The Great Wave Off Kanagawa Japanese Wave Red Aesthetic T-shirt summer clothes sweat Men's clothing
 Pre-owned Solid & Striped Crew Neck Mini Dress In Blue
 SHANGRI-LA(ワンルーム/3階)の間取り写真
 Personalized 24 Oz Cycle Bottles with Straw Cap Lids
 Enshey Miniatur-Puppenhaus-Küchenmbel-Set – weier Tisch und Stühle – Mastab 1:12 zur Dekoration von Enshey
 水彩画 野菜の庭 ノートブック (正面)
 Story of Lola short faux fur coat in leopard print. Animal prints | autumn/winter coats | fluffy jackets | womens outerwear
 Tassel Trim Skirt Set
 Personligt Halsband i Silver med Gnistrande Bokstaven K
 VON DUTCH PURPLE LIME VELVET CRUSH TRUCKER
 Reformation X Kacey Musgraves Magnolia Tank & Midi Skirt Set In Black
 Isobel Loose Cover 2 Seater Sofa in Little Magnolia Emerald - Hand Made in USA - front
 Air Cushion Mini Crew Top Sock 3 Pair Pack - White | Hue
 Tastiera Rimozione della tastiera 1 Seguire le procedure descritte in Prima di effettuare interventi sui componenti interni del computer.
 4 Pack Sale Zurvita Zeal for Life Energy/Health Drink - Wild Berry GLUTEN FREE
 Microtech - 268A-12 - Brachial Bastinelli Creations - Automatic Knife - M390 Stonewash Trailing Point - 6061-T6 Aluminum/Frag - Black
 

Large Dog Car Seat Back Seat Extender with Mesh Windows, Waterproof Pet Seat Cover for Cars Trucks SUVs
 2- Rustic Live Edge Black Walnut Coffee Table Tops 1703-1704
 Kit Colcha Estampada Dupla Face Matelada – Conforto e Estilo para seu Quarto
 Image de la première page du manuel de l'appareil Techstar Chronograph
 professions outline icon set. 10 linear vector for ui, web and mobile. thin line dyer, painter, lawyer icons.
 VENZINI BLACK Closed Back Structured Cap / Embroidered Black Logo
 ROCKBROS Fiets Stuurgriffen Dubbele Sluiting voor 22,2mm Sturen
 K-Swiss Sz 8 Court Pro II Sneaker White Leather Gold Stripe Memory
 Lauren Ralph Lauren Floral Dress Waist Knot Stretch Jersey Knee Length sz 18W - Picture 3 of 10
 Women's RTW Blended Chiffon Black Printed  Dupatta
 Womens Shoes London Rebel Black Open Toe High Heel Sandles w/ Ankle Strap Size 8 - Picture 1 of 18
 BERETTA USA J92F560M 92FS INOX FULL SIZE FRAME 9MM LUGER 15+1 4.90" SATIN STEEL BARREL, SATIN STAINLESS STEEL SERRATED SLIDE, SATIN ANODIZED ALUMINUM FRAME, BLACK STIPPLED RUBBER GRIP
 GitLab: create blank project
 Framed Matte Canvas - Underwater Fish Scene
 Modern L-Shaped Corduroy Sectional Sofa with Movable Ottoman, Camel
· · ·
The task -
Copy out each line of the material and keep every word unchanged.

Exercise solution -
The Great Wave Off Kanagawa Japanese Wave Red Aesthetic T-shirt summer clothes sweat Men's clothing
 Pre-owned Solid & Striped Crew Neck Mini Dress In Blue
 SHANGRI-LA(ワンルーム/3階)の間取り写真
 Personalized 24 Oz Cycle Bottles with Straw Cap Lids
 Enshey Miniatur-Puppenhaus-Küchenmbel-Set – weier Tisch und Stühle – Mastab 1:12 zur Dekoration von Enshey
 水彩画 野菜の庭 ノートブック (正面)
 Story of Lola short faux fur coat in leopard print. Animal prints | autumn/winter coats | fluffy jackets | womens outerwear
 Tassel Trim Skirt Set
 Personligt Halsband i Silver med Gnistrande Bokstaven K
 VON DUTCH PURPLE LIME VELVET CRUSH TRUCKER
 Reformation X Kacey Musgraves Magnolia Tank & Midi Skirt Set In Black
 Isobel Loose Cover 2 Seater Sofa in Little Magnolia Emerald - Hand Made in USA - front
 Air Cushion Mini Crew Top Sock 3 Pair Pack - White | Hue
 Tastiera Rimozione della tastiera 1 Seguire le procedure descritte in Prima di effettuare interventi sui componenti interni del computer.
 4 Pack Sale Zurvita Zeal for Life Energy/Health Drink - Wild Berry GLUTEN FREE
 Microtech - 268A-12 - Brachial Bastinelli Creations - Automatic Knife - M390 Stonewash Trailing Point - 6061-T6 Aluminum/Frag - Black
 

Large Dog Car Seat Back Seat Extender with Mesh Windows, Waterproof Pet Seat Cover for Cars Trucks SUVs
 2- Rustic Live Edge Black Walnut Coffee Table Tops 1703-1704
 Kit Colcha Estampada Dupla Face Matelada – Conforto e Estilo para seu Quarto
 Image de la première page du manuel de l'appareil Techstar Chronograph
 professions outline icon set. 10 linear vector for ui, web and mobile. thin line dyer, painter, lawyer icons.
 VENZINI BLACK Closed Back Structured Cap / Embroidered Black Logo
 ROCKBROS Fiets Stuurgriffen Dubbele Sluiting voor 22,2mm Sturen
 K-Swiss Sz 8 Court Pro II Sneaker White Leather Gold Stripe Memory
 Lauren Ralph Lauren Floral Dress Waist Knot Stretch Jersey Knee Length sz 18W - Picture 3 of 10
 Women's RTW Blended Chiffon Black Printed  Dupatta
 Womens Shoes London Rebel Black Open Toe High Heel Sandles w/ Ankle Strap Size 8 - Picture 1 of 18
 BERETTA USA J92F560M 92FS INOX FULL SIZE FRAME 9MM LUGER 15+1 4.90" SATIN STEEL BARREL, SATIN STAINLESS STEEL SERRATED SLIDE, SATIN ANODIZED ALUMINUM FRAME, BLACK STIPPLED RUBBER GRIP
 GitLab: create blank project
 Framed Matte Canvas - Underwater Fish Scene
 Modern L-Shaped Corduroy Sectional Sofa with Movable Ottoman, Camel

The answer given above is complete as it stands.